CREATEORREPLACEGLOBALTEMPVIEW()
This method does the same as the previous method, but if the view already exists, it will not be re‐created. Instead, the data in the current view will be replaced (i.e., overwritten) by the new data. This avoids the invocation of an exception if it already exists.
df.createOrReplaceGlobalTempView(‘Brainwaves’)
df2 = df.filter(Session.POWReading.Counter> 5)
df2.createOrReplaceGlobalTempView(‘Brainwaves’)
df3 = spark.sql(‘SELECT Session.POWReading.AF3[0].THETA FROM Brainwaves’)
This code snippet calls the createOrReplaceGlobalTempView() method twice: once to initialize the view and then again after the data is filtered using the filter() method. Finally, the data you wanted is extracted using SQL syntax.
When an object has application scope, it means anyone who has access to that application has access to that object. Multiple users can have access to an object with application scope. An object with session scope is accessible only to the user who instantiated that object.
CREATETEMPVIEW()
This method creates a view that has a lifespan of the Spark session. If the name of the view already exists, an exception is thrown.
df.createTempView(‘Brainwaves’)
df2 = spark.sql(‘SELECT Session.POWReading.AF3[0].THETA FROM Brainwaves’)
CREATEORREPLACETEMPVIEW()
You can probably guess how this one differs from the previous. This method does the same as the previous method, but if the view already exists, then it will not be created; it will instead be replaced. This avoids the invocation of an exception if it already exists.
df.createOrReplaceTempView(‘Brainwaves’)
df2 = df.filter(Session.POWReading.Counter> 5)
df2.createOrReplaceTempView(‘Brainwaves’)
df3 = spark.sql(‘SELECT Session.POWReading.AF3[0].THETA FROM Brainwaves’)
PySpark Functions
In addition to what you just read regarding the methods associated to a DataFrame, there are many built‐in PySpark functions. These functions are useful for manipulation of data outside of the DataFrame context. There are numerous functions; a summary of the most common is provided here. You’ll find official PySpark documentation at https://spark.apache.org along with complete language documentation.
EXPLODE()
There was a section about this method earlier, “Explode Arrays.” Review that section if you don’t remember specifically what this method does. I’m covering it here again because you might be asked about it on the exam. The important thing to note is that this method parses an array and places each component in the array into its own column. Recall how to use explode():
dfe = df.select(‘Session.Scenario’, explode(‘Session.POWReading.AF3’))

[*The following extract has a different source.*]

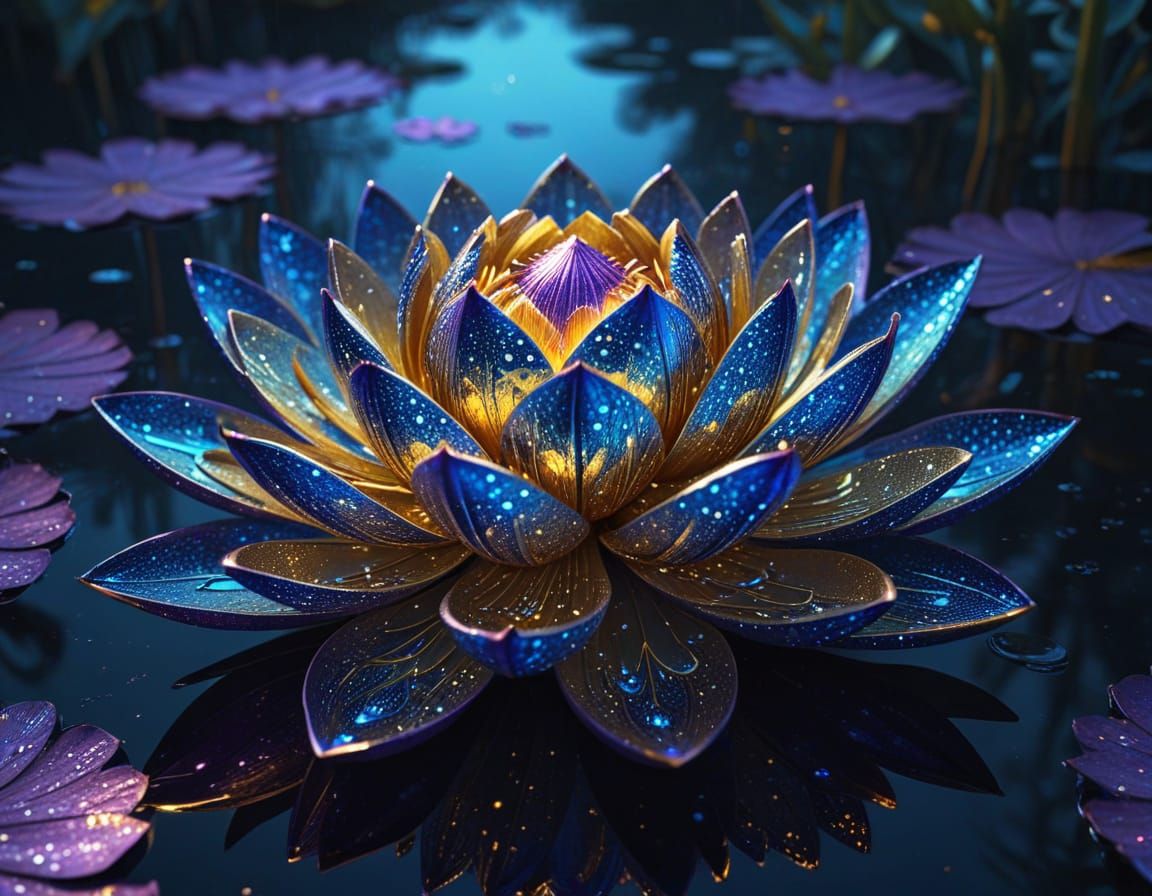 Bioluminescent Golden Lotus on Lake, Digital Art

This code snippet is from the previous example, which results in the frequency values of an AF3 electrode to be placed into individual columns.
SUBSTRING()
It is common to find yourself working with strings when coding. One scenario involves getting a specific part of the string. It is useful for parsing out a date, for example.

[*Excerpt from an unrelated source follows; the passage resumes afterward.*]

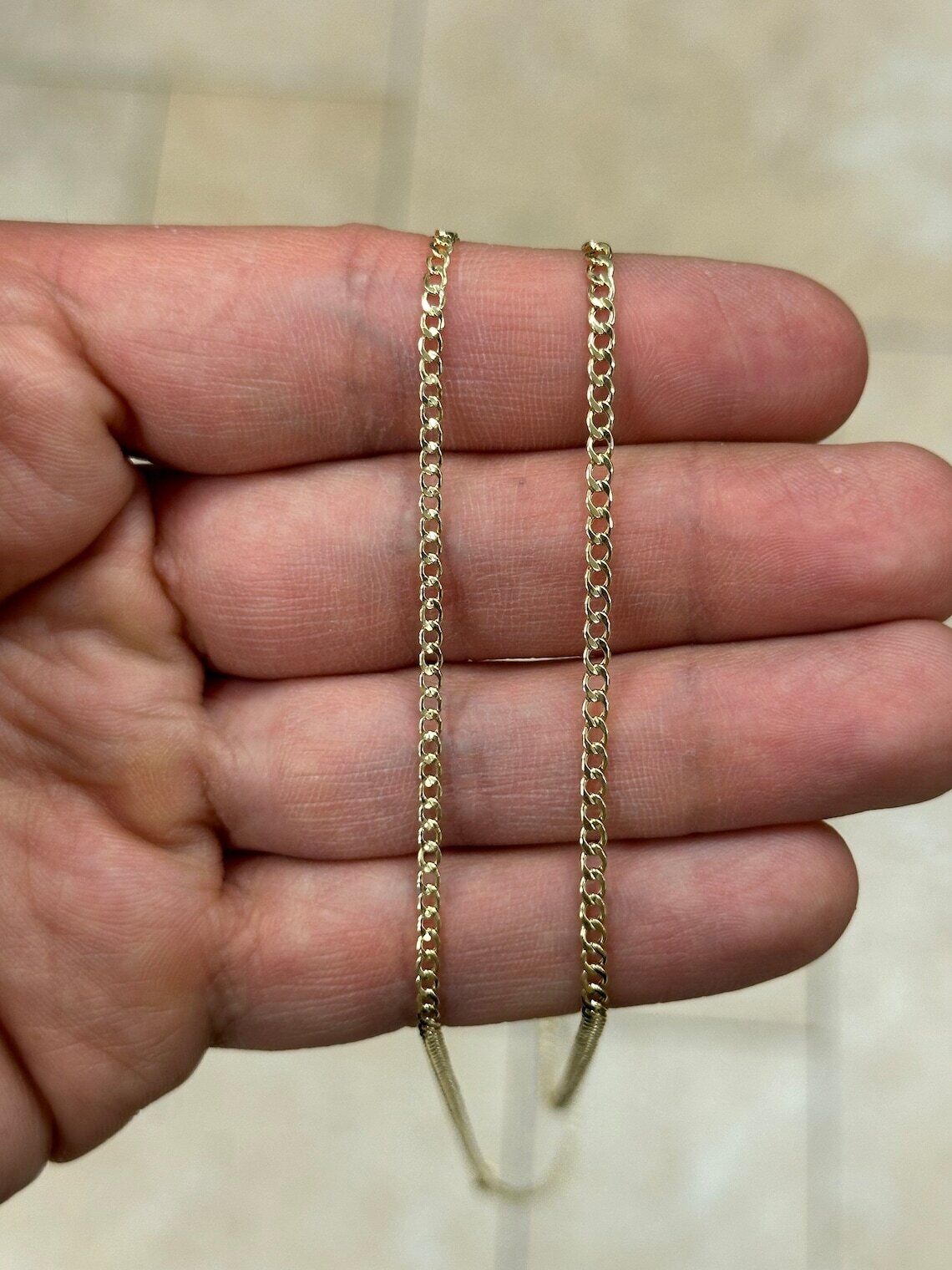 10K Solid Yellow Gold Cuban 2mm 2.5mm Chain Necklace 16\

data = [(1, ‘2021-07-30’), (2, ‘2021-07-31’)]
columns = [‘id’, ‘session_date’]
df = spark.createDataFrame(data, columns)
df.withColumn(‘year’, substring(‘session_date’, 1, 4) \
.withColumn(‘month’, substring(‘session_date’, 6, 2) \
.withColumn(‘day’, substring(‘session_date’, 9, 2)
df.show()
+—-+————–+——+——-+—–+
| id | session_date | year | month | day |
+—-+————–+——+——-+—–+
| 1 | 2021-07-30 | 2021 | 07 | 30 |
| 2 | 2021-07-31 | 2021 | 07 | 31 |
+—-+————–+——+——-+—–+
Notice that the substring() method is not preceded with a df., which illustrates that this method is not part of the DataFrame; rather it’s part of the PySpark programming language. Notice the withColumn() method and recall from the previous section where it states that this method is used for renaming columns. It is also useful for adding columns. The following example uses the select() method with the substring() method. The result is the same.
df.select(‘session_date’, substring(‘session_date’, 1, 4).alias(‘year’), \
substring(‘session_date’, 6, 2).alias(‘month’), \
substring(‘session_date’, 9, 2).alias(‘day’))
Instead of using the withColumn() method to add the column, the alias() method is used.